▸ What to produce
Return all entries word for word, but drop any images.

▸ The data

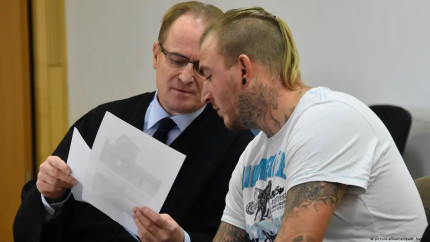 Român condamnat în Austria la aproape patru ani de închisoare după ce și-a acoperit corpul cu tatuaje reprezentând lideri naziști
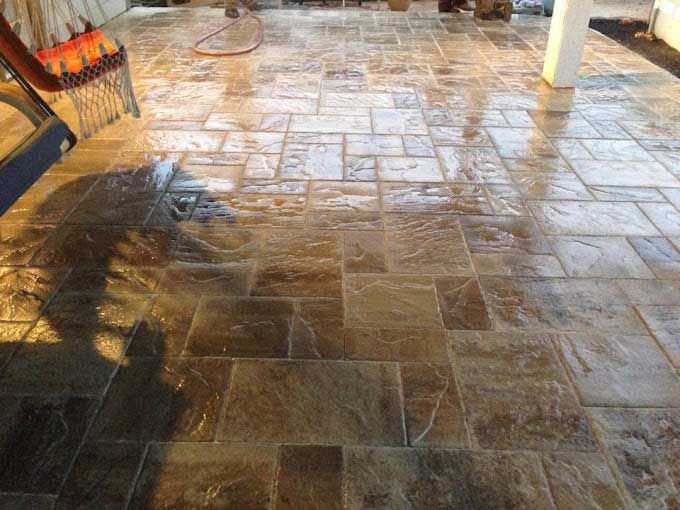 A covered patio made of glossy limestone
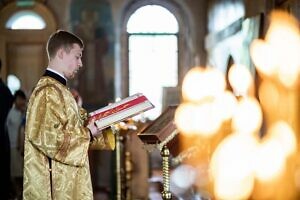 Божественная литургия в Успенском храме села Валищево городского округа Подольск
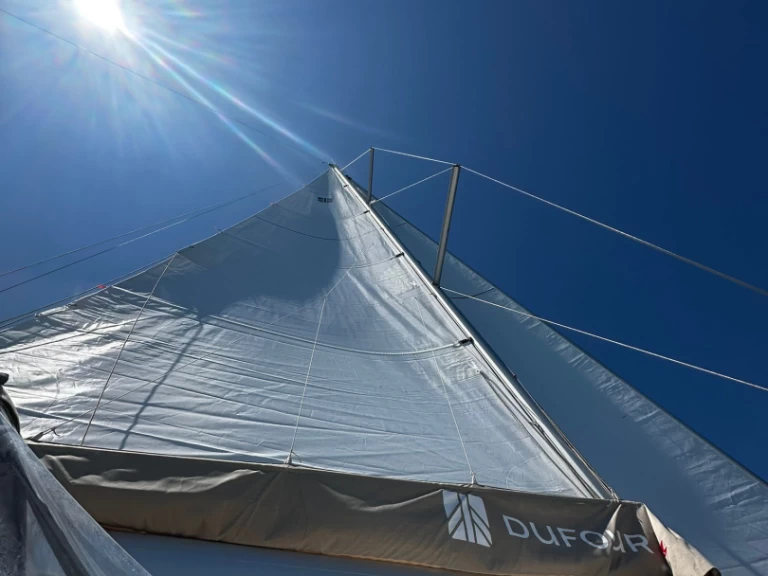 Pronajmout si Dufour Dufour 430 Grand Large v Palermo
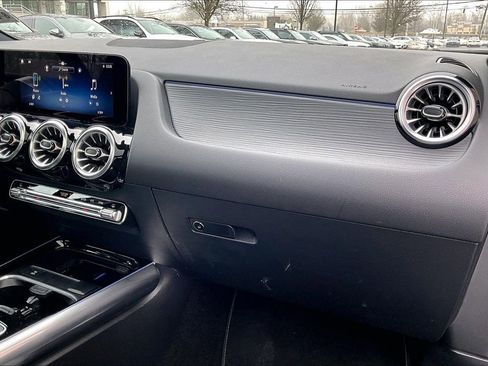 Used 2026 Mercedes-Benz GLA 250 4MATIC image 16
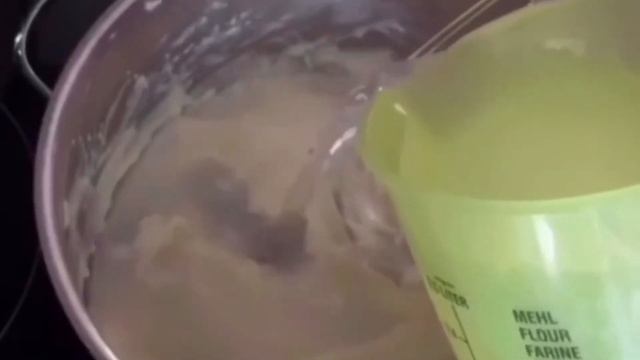 Сырный суп с брокколи в булке смотреть онлайн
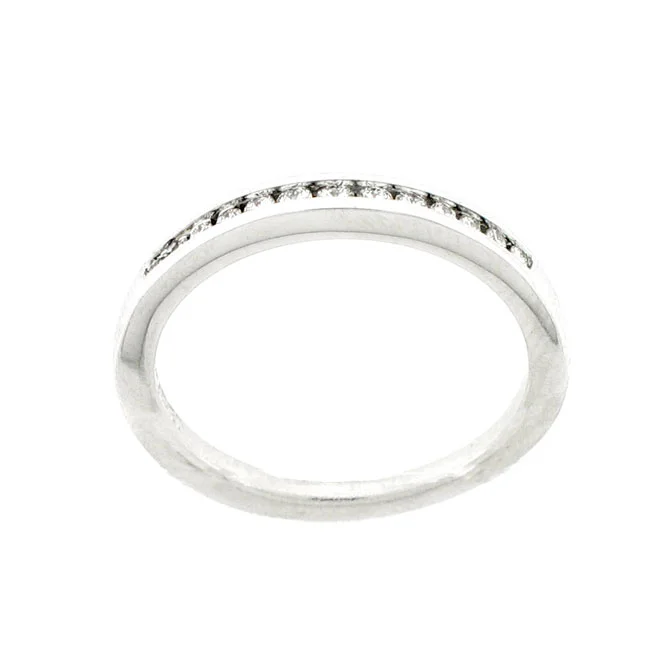 14 KARAT WHITE GOLD DIAMOND WEDDING BAND with 15 Diamond(s) 0.16ctw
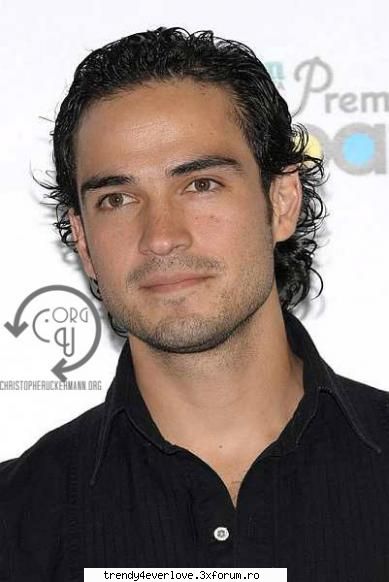 Galerie de poze - Nume complet: Alfonso Herrera Rodriguez Data - Poncho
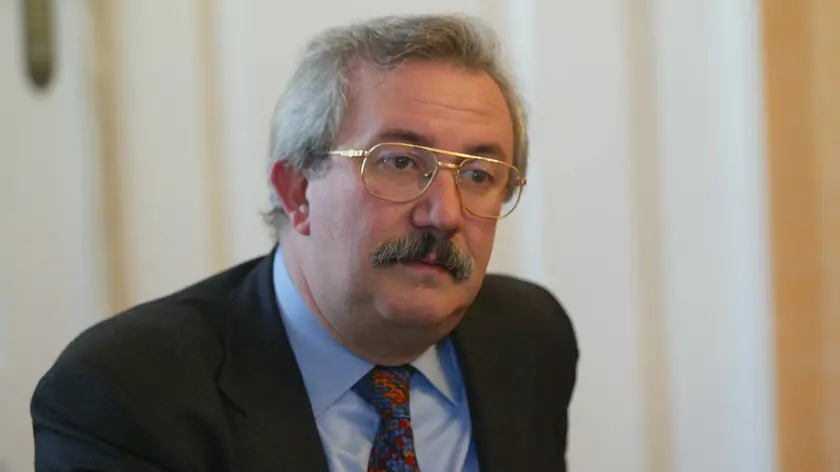 Giuseppe Parlato professore all'Università di Roma.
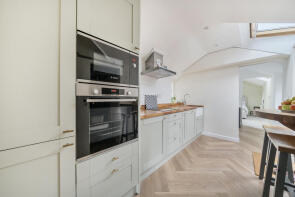 7, Longcot Road, Shrivenham, Swindon SN6 8AL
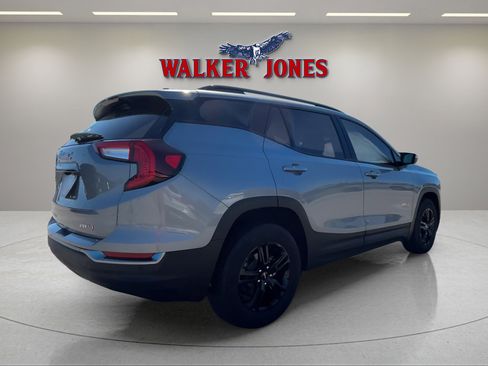 Used 2024 GMC Terrain AT4 w/ Infotainment Package II image 4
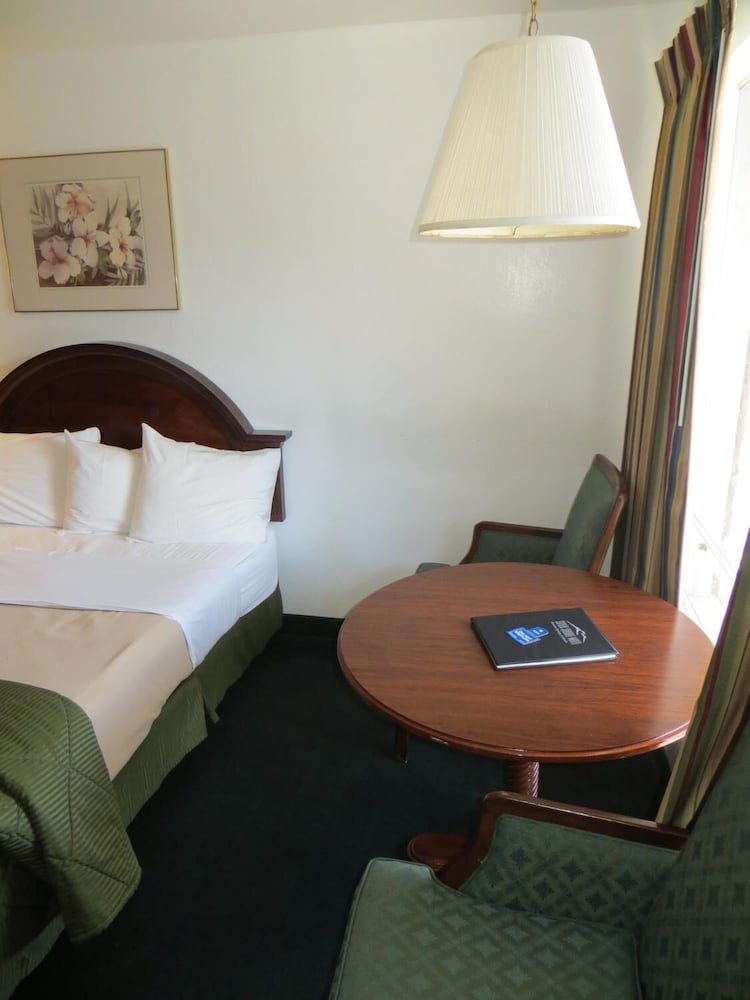 Silver Saddle Motel - photo 3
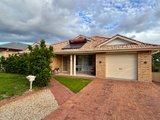 18 Ventnor Drive, NORTH TAMWORTH NSW 2340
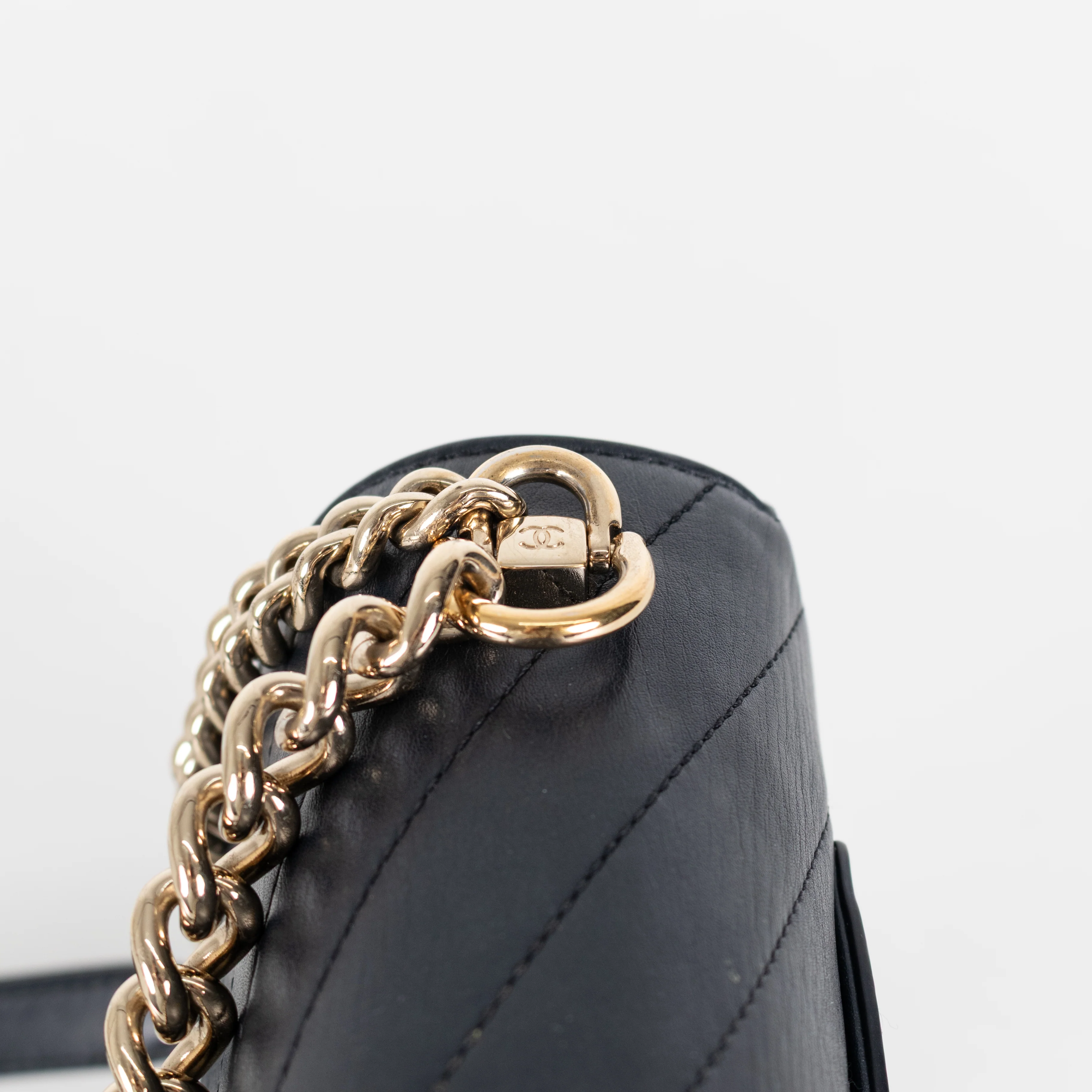 Chanel Navy Chevron Flap Crossbody Bag - Image 12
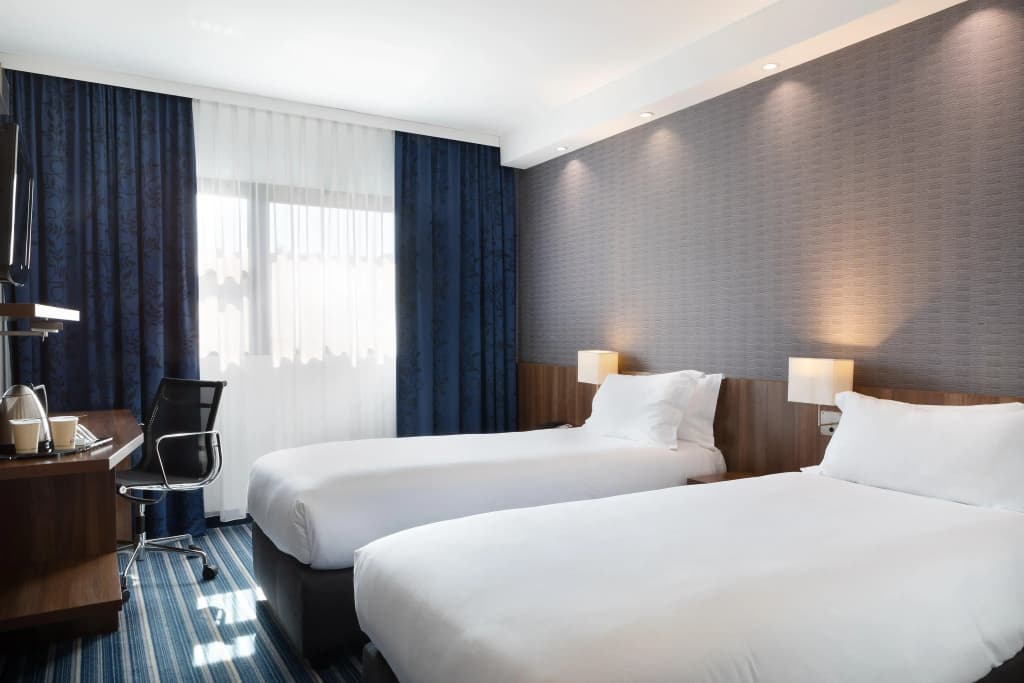 Holiday Inn Express Marseille Airport by IHG - Miniature 3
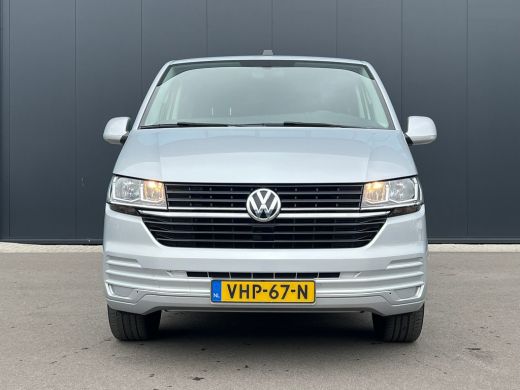 Volkswagen Transporter 150 Pk 7-DSG Dubbele Cabine | Navigatie | 150 pk DSG | Verwarmbare Voorruit | 17" Lichtmetaal ActivLease financial lease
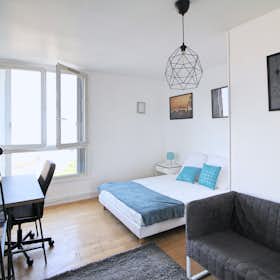 Private room for rent for €995 per month in Paris, Boulevard de Charonne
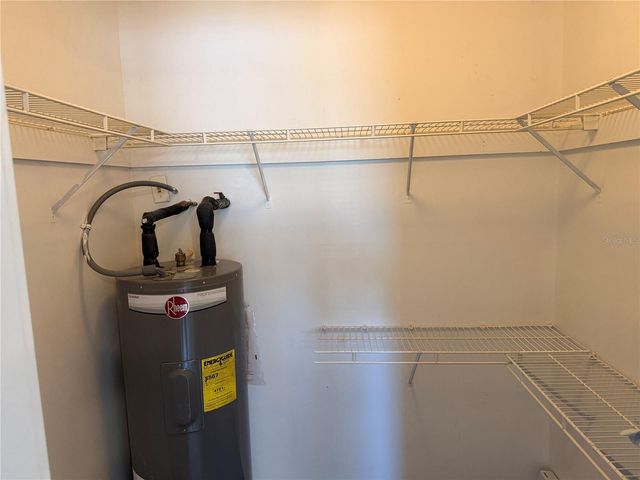 245 CENTER ROAD 103, Venice, FL 34285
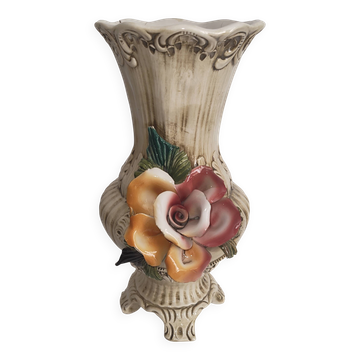 Vase vintage en porcelaine de Capodimonte à décor floral en relief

▸ Response to the exercise
 Român condamnat în Austria la aproape patru ani de închisoare după ce și-a acoperit corpul cu tatuaje reprezentând lideri naziști
 A covered patio made of glossy limestone
 Божественная литургия в Успенском храме села Валищево городского округа Подольск
 Pronajmout si Dufour Dufour 430 Grand Large v Palermo
 Used 2026 Mercedes-Benz GLA 250 4MATIC image 16
 Сырный суп с брокколи в булке смотреть онлайн
 14 KARAT WHITE GOLD DIAMOND WEDDING BAND with 15 Diamond(s) 0.16ctw
 Galerie de poze - Nume complet: Alfonso Herrera Rodriguez Data - Poncho
 Giuseppe Parlato professore all'Università di Roma.
 7, Longcot Road, Shrivenham, Swindon SN6 8AL
 Used 2024 GMC Terrain AT4 w/ Infotainment Package II image 4
 Silver Saddle Motel - photo 3
 18 Ventnor Drive, NORTH TAMWORTH NSW 2340
 Chanel Navy Chevron Flap Crossbody Bag - Image 12
 Holiday Inn Express Marseille Airport by IHG - Miniature 3
 Volkswagen Transporter 150 Pk 7-DSG Dubbele Cabine | Navigatie | 150 pk DSG | Verwarmbare Voorruit | 17" Lichtmetaal ActivLease financial lease
 Private room for rent for €995 per month in Paris, Boulevard de Charonne
 245 CENTER ROAD 103, Venice, FL 34285
 Vase vintage en porcelaine de Capodimonte à décor floral en relief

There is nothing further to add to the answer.